Washington. Geheimdienstreport belegt Moskaus Einmischung in Wahlkampf. Der künftige Präsident hat das bezweifelt

Wenn der US-Geheimdienst NSA richtig mitgehört hat, dann herrschte am 9. November in Moskau über den Wahlausgang in Amerika überschwängliche Krimsekt-Laune. Dass mit Donald Trump ein erklärter Putin-Schmeichler die in Moskau wenig geschätzte Hillary Clinton aus dem Rennen geworfen hatte, bezeichneten Regierungsfunktionäre als „geopolitischen Sieg“ und gratulierten sich selbst zu einer gelungenen Einmischung in den demokratischen Wahlprozess des Klassenfeindes.

„Mittelsmänner zwischen dem Kreml und Wikileaks“

So steht es nach Recherchen der „Washington Post“ und des TV-Senders NBC in einem 50-seitigen Bericht, über den drei Topvertreter der US-Geheimdienste Trump am Freitag informierten. Einziges Ziel: den 70-Jährigen endlich davon zu überzeugen, dass russische Computerhacker, gelenkt von Präsident Wladimir Putin, durch Datendiebstähle bei den US-Demokraten den Wahlausgang zugunsten Trumps beeinflussen und die Wahl als solches durch Desinformation in Misskredit bringen wollten. Der Anlass ist einzigartig: Trump glaubt bisher partout nicht, was nach Überzeugung des scheidenden Geheimdienst-Koordinators James Clapper beweisbar ist: Russische Akteure haben die erbeuteten Digital-Daten über verschlungene Wege der Enthüllungsplattform Wikileaks zugeschanzt. Die dort veröffentlichten Korrespondenzen von Clinton-Vertrauten haben nicht das Wahlergebnis bestimmt, aber das öffentliche Klima für Clinton eingetrübt.

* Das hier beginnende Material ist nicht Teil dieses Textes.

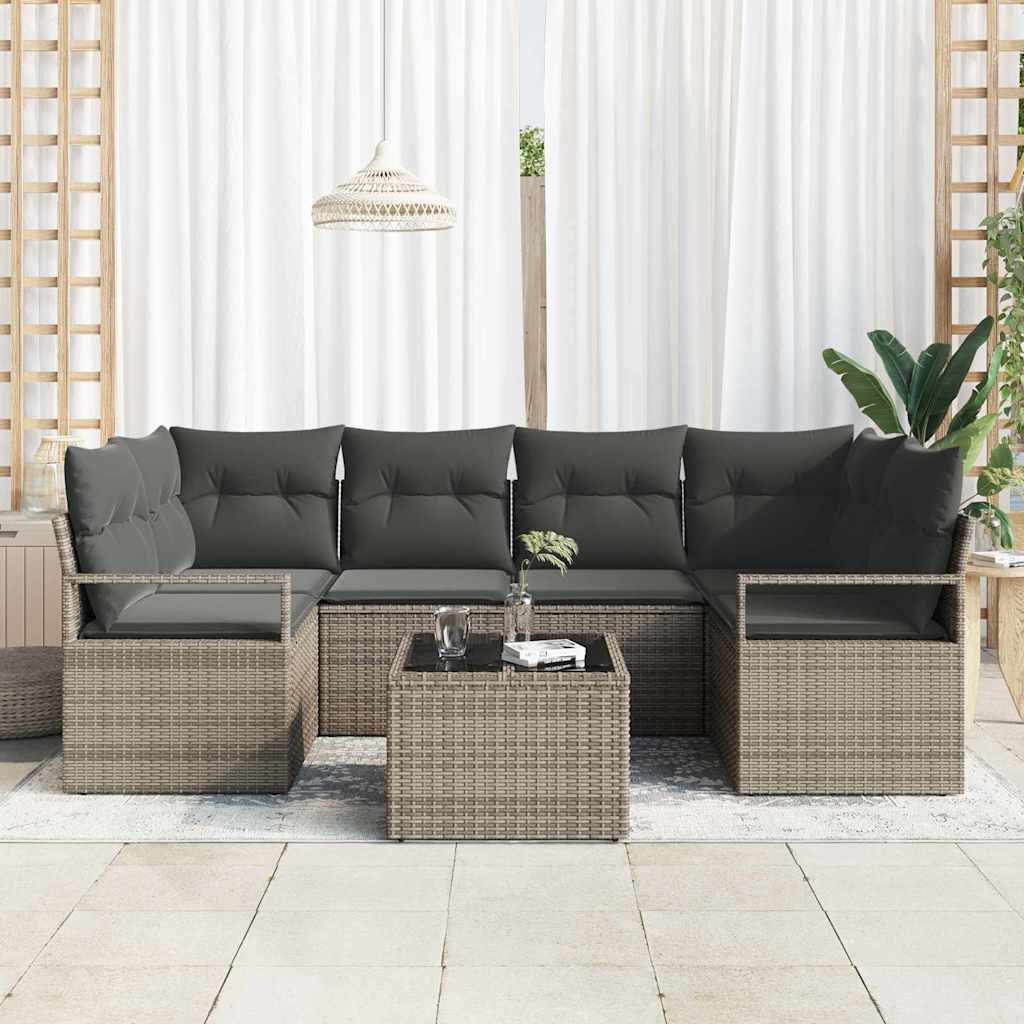 Sofa Set mit Kissen 7 pcs Grau Poly Rattan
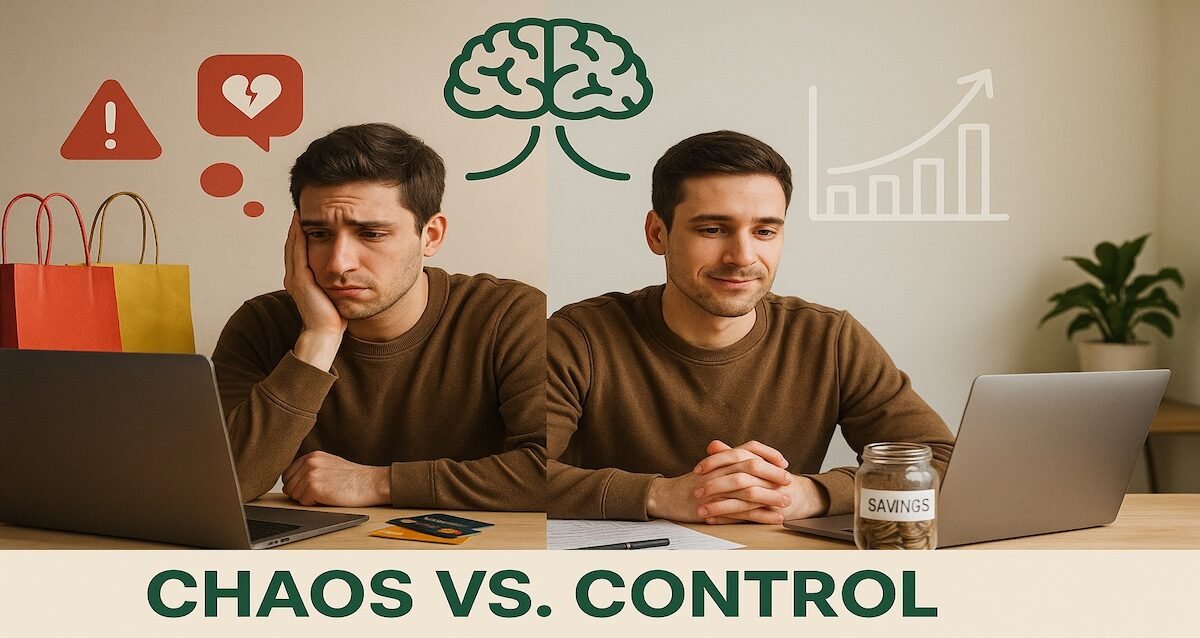 Person visualizing emotional vs logical bad money decisions, symbolizing the psychology behind bad financial choices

Was bisher fehlte in diesem seit Wochen Schlagzeilen schreibenden Polit-Krimi, sind öffentlich einsehbare Beweise. Trump machte sich das Manko zunutze. Er nahm Putin-Russland in Schutz und nährte die These, es könnten die Chinesen gewesen sein. Oder ein „übergewichtiger Computer-Freak in New Jersey“. Moskau spiegelte diese Haltung eins zu eins. Kremlsprecher Dmitri Peskows Standarddementi lautete: „Wir waren es nicht.“

Trumps Strategie ging in dieser Schlacht um die Deutungshoheit oft unter. Der selbstverliebte Geschäftsmann weiß, dass sein politischer Kredit begrenzt ist. Hillary Clinton hat drei Millionen Stimmen mehr bekommen. Frisst sich der Verdacht weiter ins öffentliche Bewusstsein, dass von Putin gedungene Digital-Diebe Trump indirekt über die Schwelle zum Sieg verholfen haben, steht die Glaubwürdigkeit des 70-Jährigen von Tag eins an im Treibsand. Dass der künftige Commander-in-Chief das unter Ronald Reagan noch als „teuflisches Imperium“ bezeichnete Russland trotz Krim-Annexion und Ukraine-Intervention für vertrauenwürdiger hält als NSA, CIA, FBI & Co., hat Wunden hinterlassen. James Clapper, seit einem halben Jahrhundert für die nationale Sicherheit Amerikas tätig, sagte bei einer Anhörung im Senat, dass gesunde Skepsis gegenüber den Befunden seiner Leute in Ordnung sei, „Verunglimpfung“ aber nicht.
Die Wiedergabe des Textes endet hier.